Pour les années à venir, nous voudrions centrer la recherche sur la problématique Manipulation versus conscientisation. Pourquoi avoir choisi ce thème? L'échange langagier (Pierre Bourdieu parlerait du "marché linguistique"), n'est généralement pas une activité pacifique, mais un espace de tensions et d'agressions. Il suffit de regarder comment le langage fonctionne dans l'arène politique, lieu fait lui-même d'antagonismes, traversé de lourds enjeux de pouvoirs et, par dessus le marché, médiatisé à outrance. C'est en termes de "stratégies discursives" que U. Windisch propose une approche du discours conflictuel dont le discours politique est le prototype parfait. Mais, comme l'a très bien montré Ruprecht Lay, le danger de manipulation ne se limite pas au champ politique. Les domaines social, économique et culturel sont également menacés.

A l'opposé, le langage peut aussi être outil de conscientisation et d'humanisation. Le pédagogue brésilien Paulo Freire, qui est décédé en mai 1997, a non seulement jeté les bases théoriques de cette approche, il l'a également mis en pratique dans de nombreux pays du monde. Freire insiste sur le lien entre le langage et la réalité: "Exister humainement, c'est dire le monde, c'est le modifier. Le monde exprimé devient à tous un problème à résoudre." Sa méthode, notamment en ce qui concerne les mots générateurs, suppose une approche sémantique particulière. La signification est d'abord définie négativement comme quelque chose qui n'est pas inhérent au signe. Un élément linguistique n'acquiert sa signification que dans un contexte socio-économique donné. En tant que tel, un monème (dans le sens d'André Martinet) ou un signe complexe n'a que des virtualités sémantiques. En d'autres termes, le signe ne reproduit pas chez les partenaires de la communication une signification existant depuis toujours mais il provoque d'abord la transmission des expériences individuelles qui sont liées au contenu du signe. Ainsi le processus de conscientisation de la situation sociale, économique, politique et culturelle est en même temps un processus de sémantisation des signes linguistiques.

Parmi les périodes historiques les plus intéressantes à étudier sous le double angle de la manipulation et de la conscientisation, il y a le Troisième Reich. Les national-socialistes ont systématiquement essayé de mettre le langage au service de la dictature ("Machtübernahme über die Sprache", comme le formule Siegfried Borck). Alfred Grosser, que la Faculté de Philosophie et Lettres des FUNDP a déjà accueilli dans le cadre de ses grandes conférences, estime que le national-socialisme a véritablement créé une langue nouvelle dont les mots n'ont pas d'équivalent en français (...). On ne peut pas rendre sensible la coloration particulière des mots et formules qui reviennent sans cesse. L'exposé que j'ai fait à la Freie Universität Berlin, en mai 1995, sur le thème Zwischen Kollaboration und Widerstand. Die Haltung der belgischen Katholiken gegenüber dem Faschismus m'a amené à approfondir cette problématique.

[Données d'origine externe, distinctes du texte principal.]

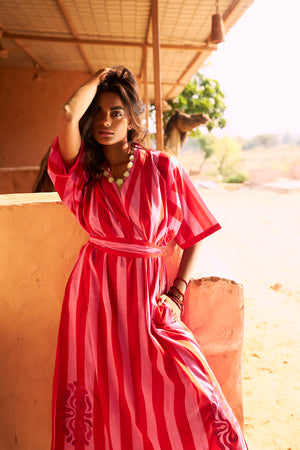Strawberries Kaftan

D'autres études pourraient être réalisées dans le cadre du projet de recherche Manipulation versus conscientisation. Je pense notamment à une étude critique des textes diffusés par les partis politiques avant les élections ou encore au discours relatif à l'affaire Dutroux. Ce genre de sujet se prête particulièrement à la démarche interdisciplinaire que nous voudrions promouvoir dans la Faculté de Philosophie et Lettres.

Durant l'année académique 1998-1999, nous avons profité de la présence régulière du Professeur Matthias Hartig (Universités de Francfort et de Paderborn), un des sociolinguistes les plus connus de la République Fédérale d'Allemagne.